Professor, Interactive Computing at Georgia Tech
2016 Summer Schedule
Class meets TTH 2-3:45 in College of Computing 102
Week 1
2016-05-17 (Tuesday)
Course Overview/Admin, Machine Learning Overview, Finance Overview
2016-05-19 (Thursday)
Project 1 assigned (Analyze a Portfolio)
Market Price/Data Basics
Working with Pandas
Reading CSV files
Formatting custom DataFrames
Building complex DataFrames with .join()
Basic plotting with Pandas and PyPlot (matplotlib)
Week 2
2016-05-24 (Tuesday)
Common Market Data Visualizations (OHLC, Candlesticks)
What is "the price" of a stock? (quote vs trade)
Simple comparative plotting (normalizing time series)
Working with Numpy
Time Series
Incomplete Data
Week 3
Plots
Portfolio Statistics
Regression vs Classification
Supervised vs Unsupervised ML
Assessing Learners
Cross-Validation
Batch vs Online Learning
RMS, Pearson's r
Overfitting
Project 1 Due Tuesday (2016-05-31)
Week 4
2016-06-07 (Tuesday)
P1 brief discussion
Linear Regression (pseudo-code)
KNN (pseudo-code)
Decision Trees (with pseudo-code)
2016-06-09 (Thursday)
Finish CART Decision Trees
Bagging
Boosting
Week 5
2016-06-14 (Tuesday)
Market History, Actors
Brokers, Market Makers
Order Book Intro
Quiz 2
2016-06-16 (Thursday)
Order Types
Moving the Market
Shady Dealers
Visualizing Price Movement
Project 2 Due Tuesday (2016-06-14)
Week 6
2016-06-21 (Tuesday)
Markets, Orders, Crashes, Valuation
Time Value of Money
2016-06-23 (Thursday)
Intrinsic Value
Market Capitalization
Quiz 3
Week 7
2016-06-28 (Tuesday)
MIDTERM
2016-06-30 (Thursday)
Book Value
Three types of Valuation
Call / Put Options
Buying / Writing Options
Covered Call Strategy
Leverage
Project 3 Due Tuesday (2016-06-28)
Week 8
2016-07-05 (Tuesday)
HOLIDAY
2016-07-07 (Thursday)
Review Midterm
Technical Analysis
Options (CALL/PUT)
Week 9
2016-07-12 (Tuesday)
OHLC/Candlestick Chart Patterns
Capital Assets Pricing Model
2016-07-14 (Thursday)
CAPM Part 2
Efficient Market Hypothesis
Project 4 Due Thursday (2016-07-14)
Week 10
2016-07-12 (Tuesday)
Fundamental Law of Active Portfolio Management
Efficient Frontier
Finite Automata
Pushdown Automata
Turing Machine
2016-07-14 (Thursday)
Markov Decision Problems
Value Iteration
Reinforcement Learning
Q-Learning Gridland
Week 11
Final Instruction Days
2016-07-19 (Tuesday)
Final day of class
Dyna
Q-Learning Gridland
Time permitting:
Random Forests? PERT?
Advanced options strategies?
Week 12
Finals (no final exam in this class)
Project 5 Due
Assignments
This is a project-heavy class (with no final exam). There will be 6 projects this semester, due every two weeks. Assignment details will be added here.
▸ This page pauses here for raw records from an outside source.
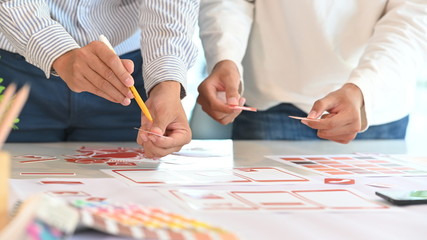 ux ui concept, closeup team of development software mobile working with design workspace.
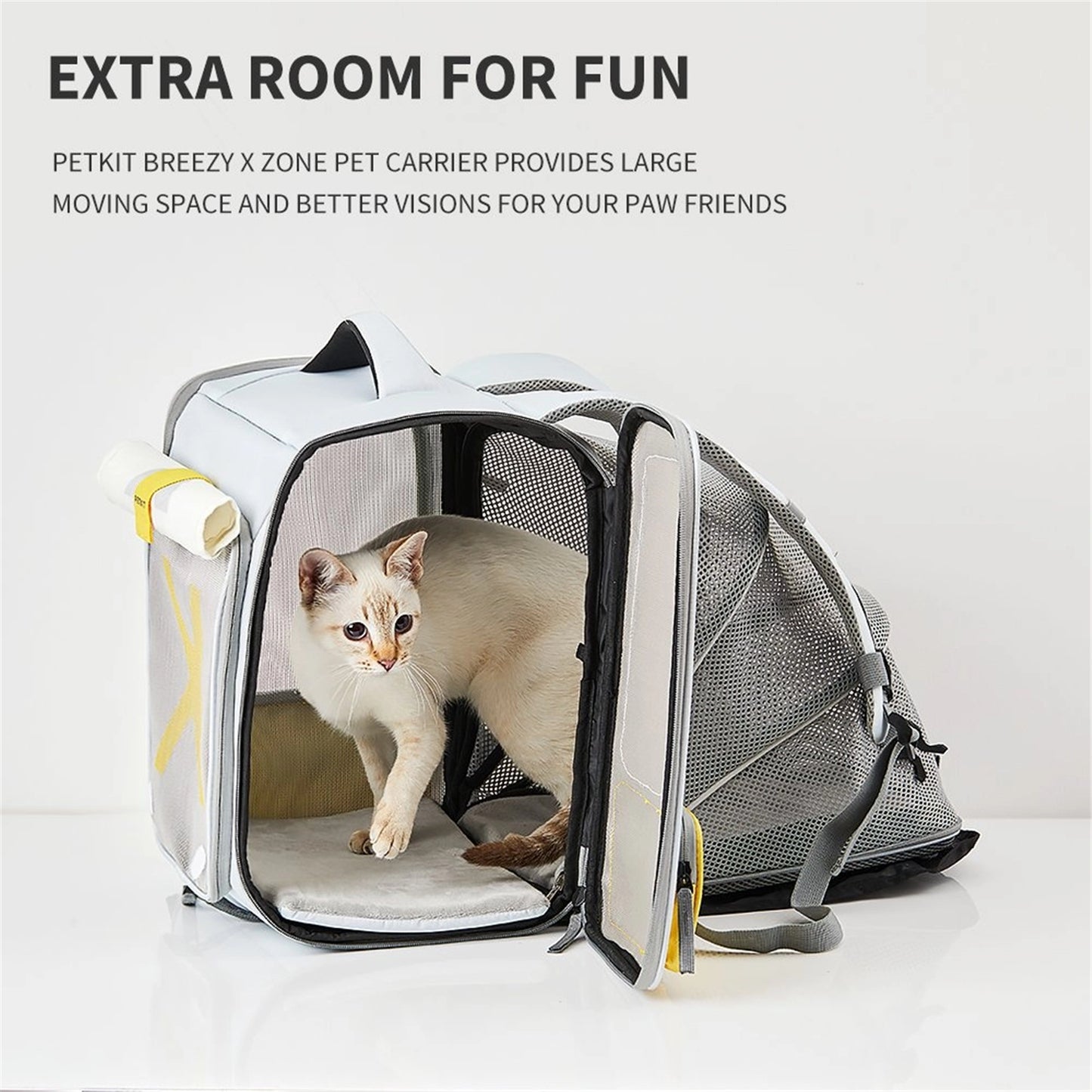 A white cat inside a grey pet backpack by PetKit with extra tent space, featuring a yellow storage compartment on the side.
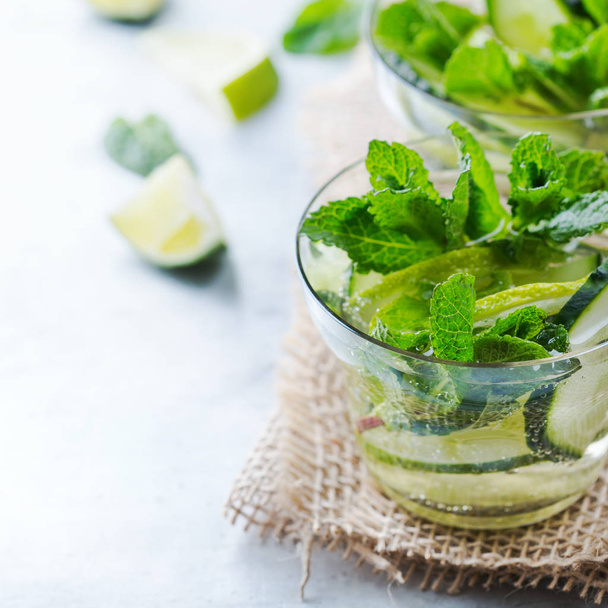 Cucumber lime mint fresh infused water detox drink cocktail lemonade - Фото, изображение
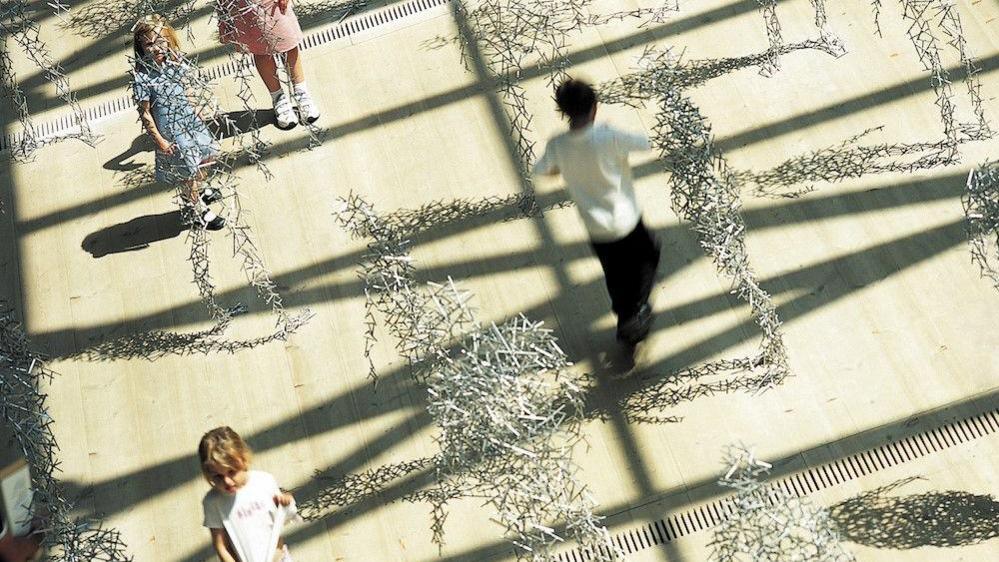 Children walking amongst figures made up of silver steel bars.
Project 1: Assess a Portfolio (Due Tuesday 2016-05-31)
Project 2: Instance / Ensemble Learners (Due Tuesday 2016-06-14)
Project 3: Market Simulator (Due Thursday 2016-06-30)
Project 4: Trading Learners (Due Sunday 2016-07-17)
Project EX: Bollinger Bands / Simple Trading Strategy (Due Sunday 2016-07-17)
Project 5: Reinforcement Learning (Due Thursday 2016-07-28)
Textbooks & Other Resources
Required Textbook:
What Hedge Funds Really Do by Romero and Balch amazon.com
Optional Textbooks:
Python for Finance by Yves Hilpisch amazon.com (optional)
Machine Learning by Tom Mitchell (optional)
- Buy it for $218.00 at: amazon.com
- Buy a paperback version for $61.78. IMPORTANT WARNINGS: 1) They only ship to the US 2) It takes them 3 weeks to print the book. If you order from outside the US they will quietly accept your money but never ship the book: less expensive version at mcgraw hill
- Buy a paperback international version for $19.10. I am not certain about the reliability of this company: international
Other resources:
- Pandas documentation: [pandas.pydata.org]
Prerequisites/Co-requisites
All types of students are welcome! The Machine Learning topics might be "review" for CS students, while finance parts will be review for finance students. However, even if you have experience in these topics, you will find that we consider them in a different way than you might have seen before, in particular with an eye towards implementation for trading.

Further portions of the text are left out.